(Excerpts from a dataset)
··········

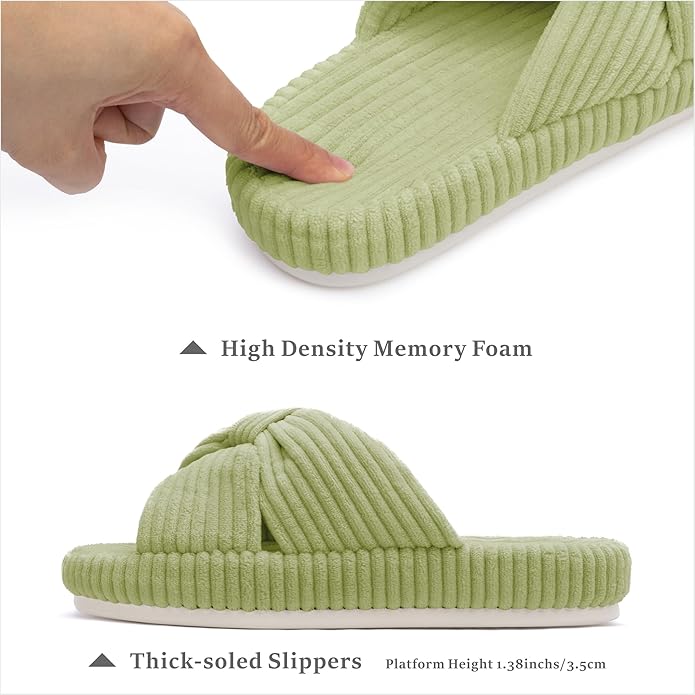 Women's Memory Foam Slippers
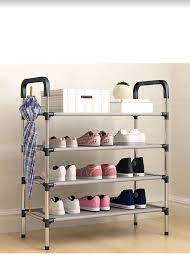 Easy Assemble Shoes Shelf  (4, 5 and 6 Layers)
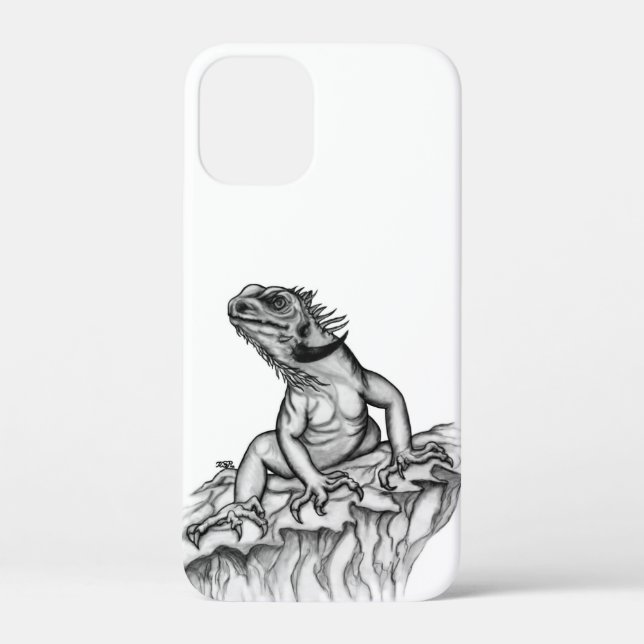 Dragon on the Rock Case-Mate iPhone Case (Back)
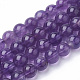 Natural Amethyst Beads Strands US-G-Q961-17-8mm-1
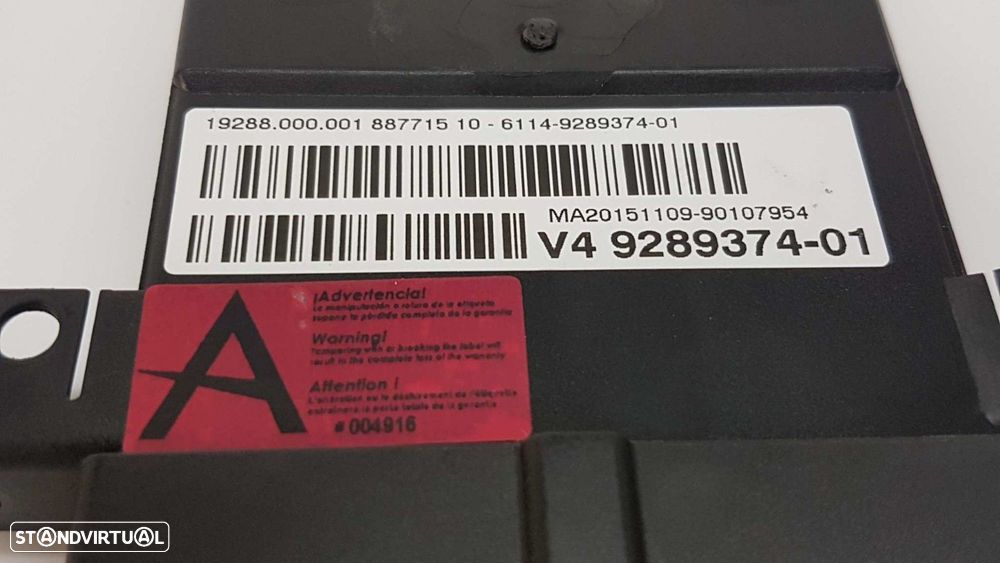 RELÉ BMW X5 (F15) XDRIVE30D - 3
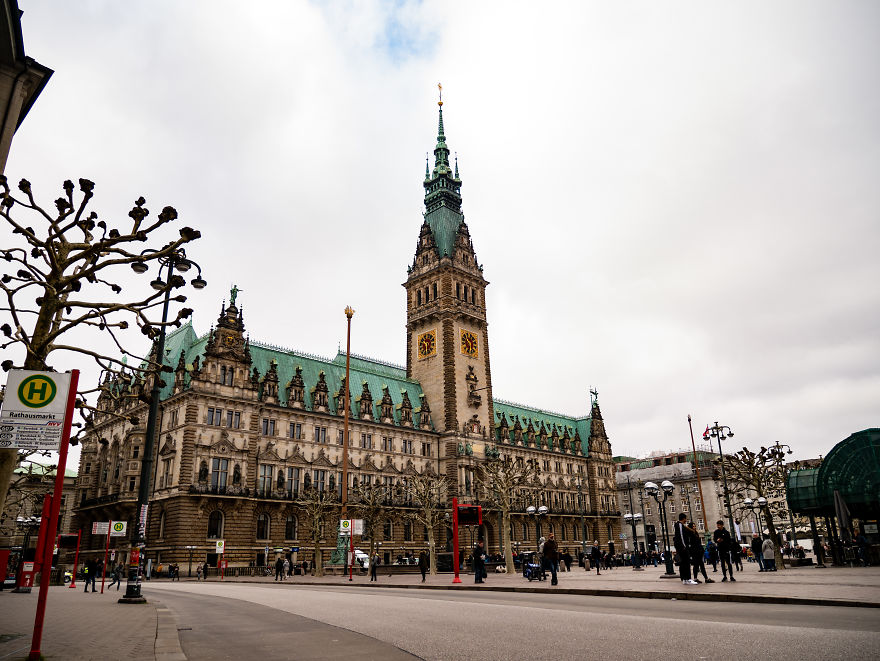 My Photo Report From The School Strike On March In Hamburg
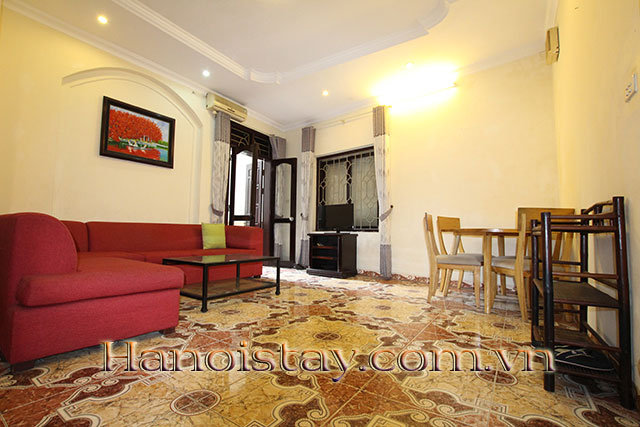 Spacious One Bedroom Apartment Rental in Truc Bach area, Ba Dinh 6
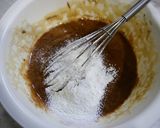 バレンタイン！ふわもちチョコケーキ作り方4写真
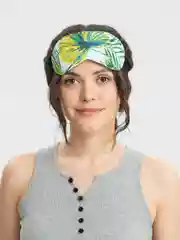 Зеленый маска для сна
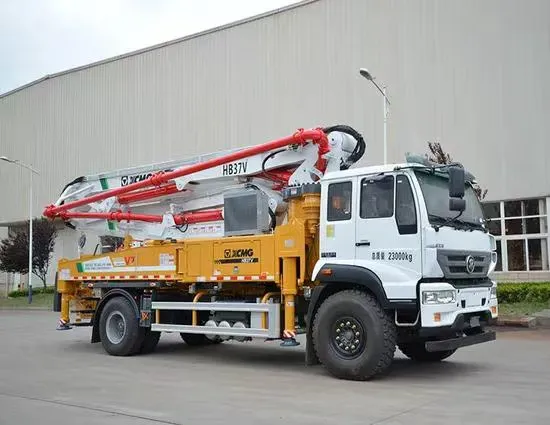 Brand new XCMG HB37V 37m concrete pump truck - XCMG - HB37V - New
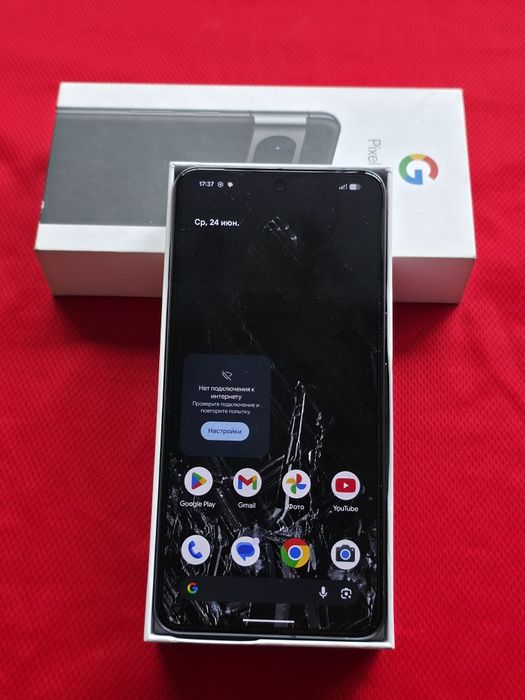 Pixel 8 Pro 128 gb Ram 12 польный комплект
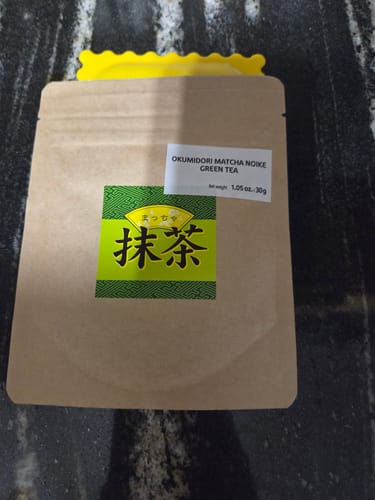 Customer photo review of Okumidori Matcha Noike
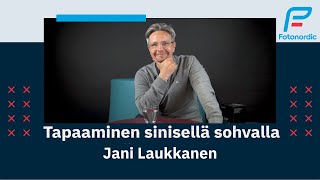 Jani Laukkanen  Tapaaminen Sinisellä Sohvalla [upl. by Ecydnak]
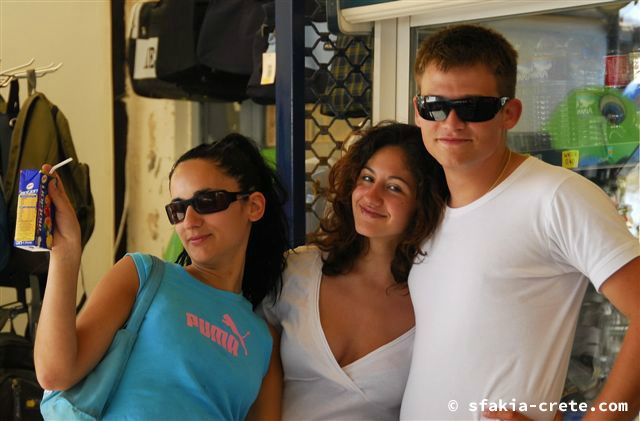 Photo report of a trip around Sfakia, Crete, May 2006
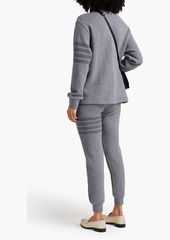 Thom Browne - Striped wool sweatshirt - Gray - IT 38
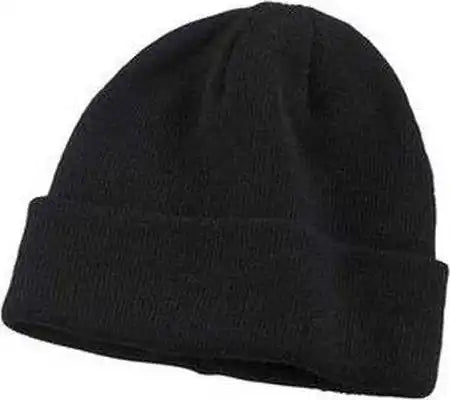 Big Accessories Bx031 Watch Cap - Black - one Size Fits Most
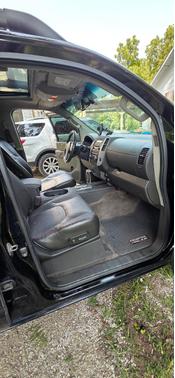 Black 2012 Nissan Frontier Pro-4X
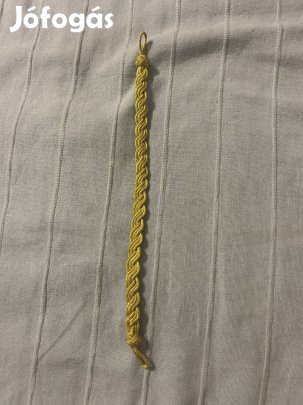 Sapkazsinór tányérsapkához 25 cm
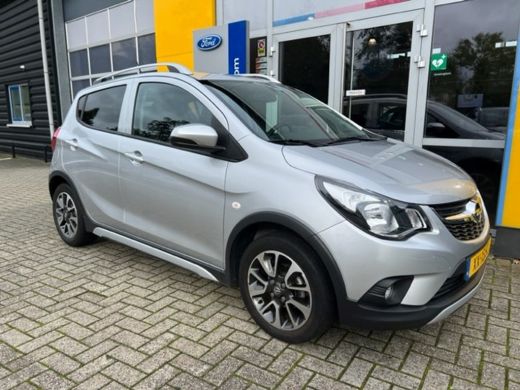Opel KARL ROCKS 1.0 75PK ONLINE EDITION | NAVIGATIE| BLUETOOTH| CUISECONTROL| PARKEERSENSOREN| MISTLAMPEN| ... ActivLease financial lease
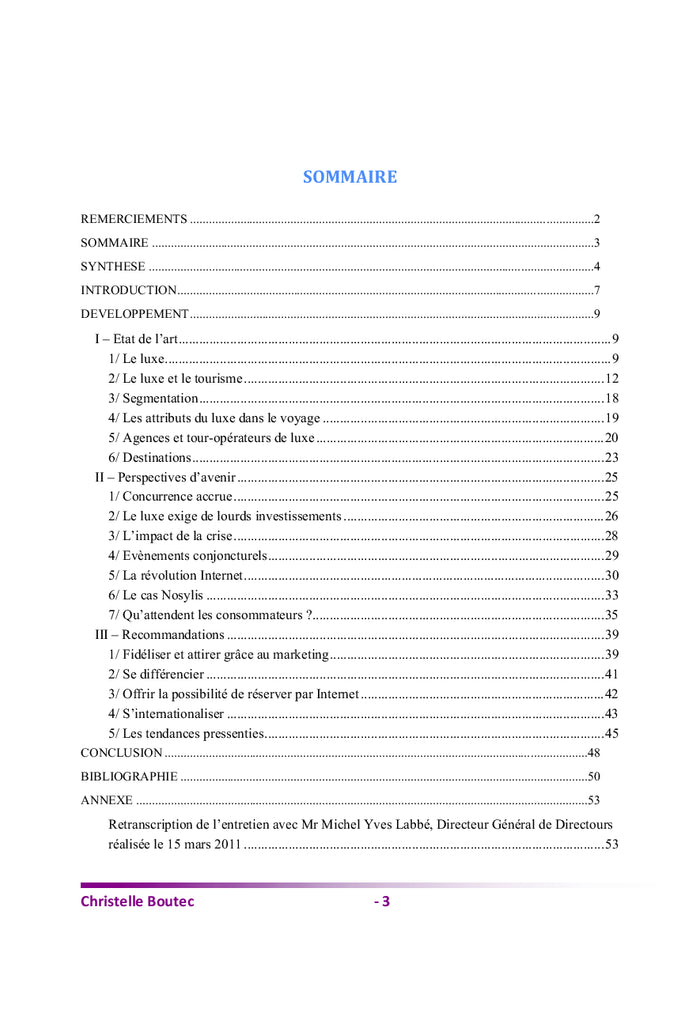 Tourisme de luxe : Quelles sont les perspectives d'avenir ?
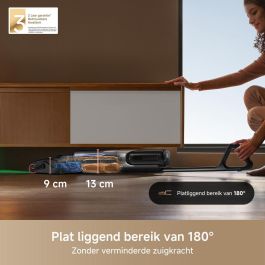 Mova Aspiradora Mopa y Escoba MOVA X4 PLUS Antienredos Limpieza Automática 100°C Succión 20 kPa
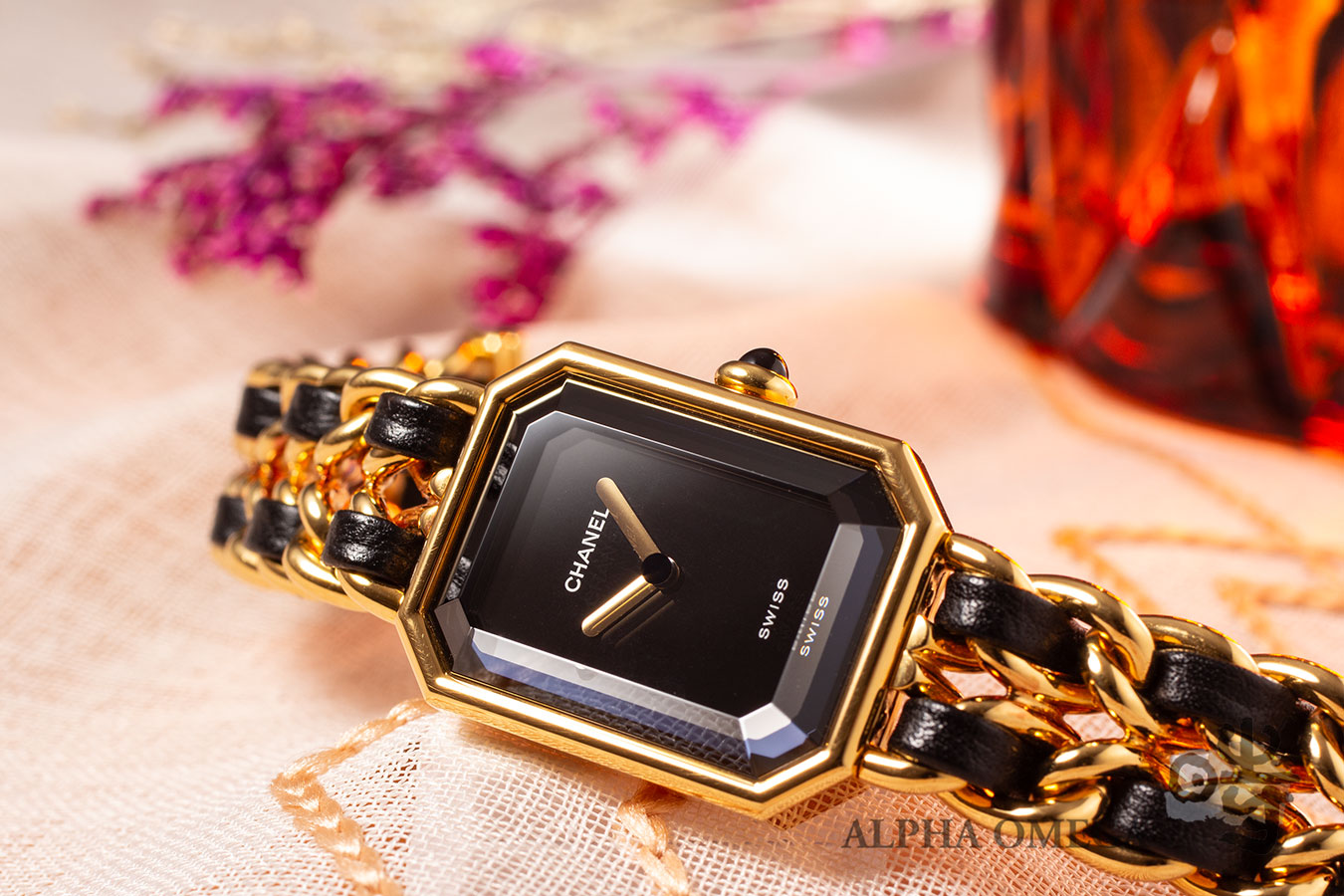 楽天市場】シャネル プルミエール M Ref.H0001 メッキ(YGP) 1993年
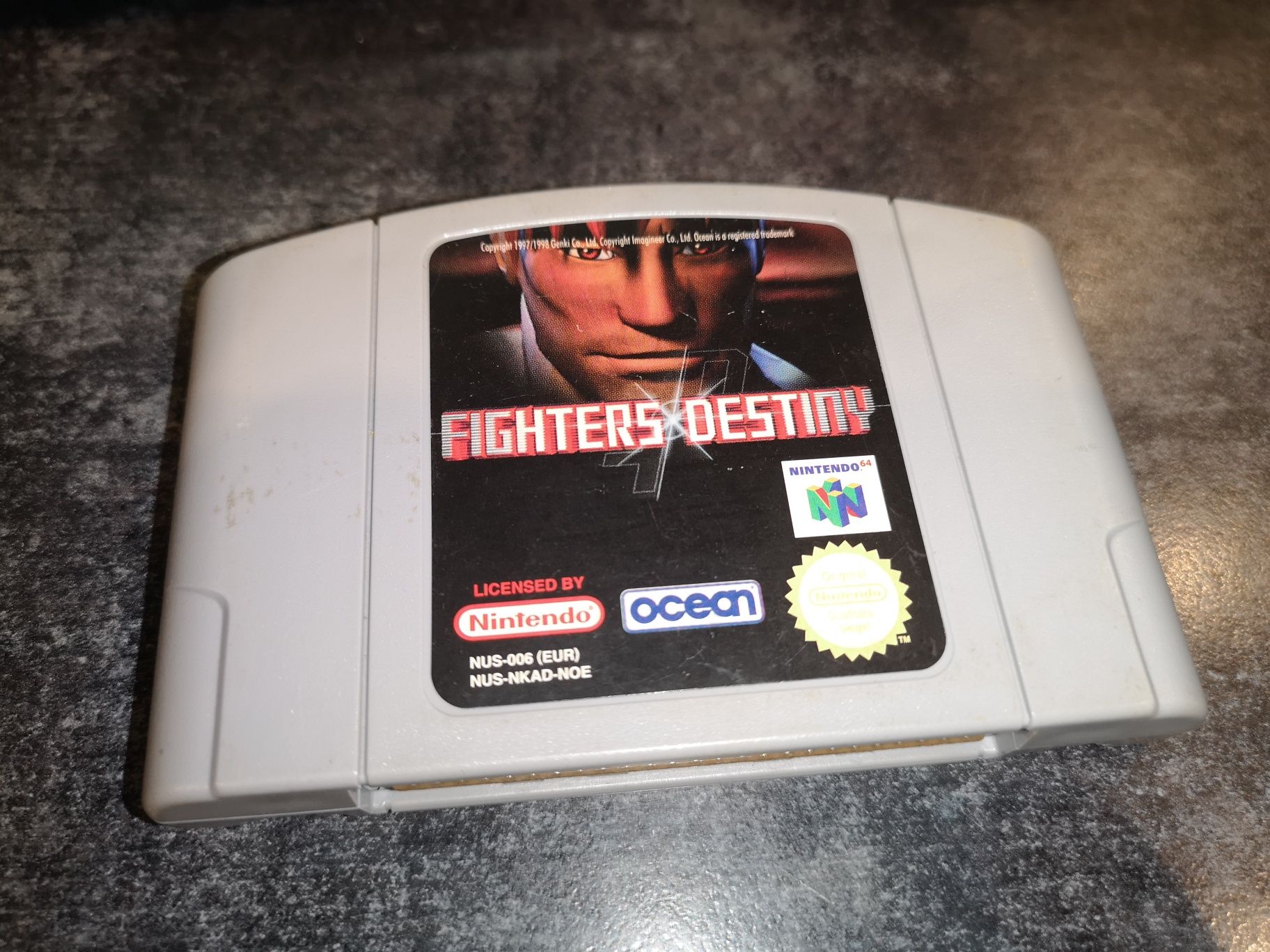 Fighters Destiny N64 PAL gra Nintendo 64 (oryginał testowany) sklep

··········

Exercise: The reply should hold the lines from the top of the records through the line containing "Зеленый маска для сна", reproduced exactly, and no pictures.

Task solution:
 Women's Memory Foam Slippers
 Easy Assemble Shoes Shelf  (4, 5 and 6 Layers)
 Dragon on the Rock Case-Mate iPhone Case (Back)
 Natural Amethyst Beads Strands US-G-Q961-17-8mm-1
 RELÉ BMW X5 (F15) XDRIVE30D - 3
 My Photo Report From The School Strike On March In Hamburg
 Spacious One Bedroom Apartment Rental in Truc Bach area, Ba Dinh 6
 バレンタイン！ふわもちチョコケーキ作り方4写真
 Зеленый маска для сна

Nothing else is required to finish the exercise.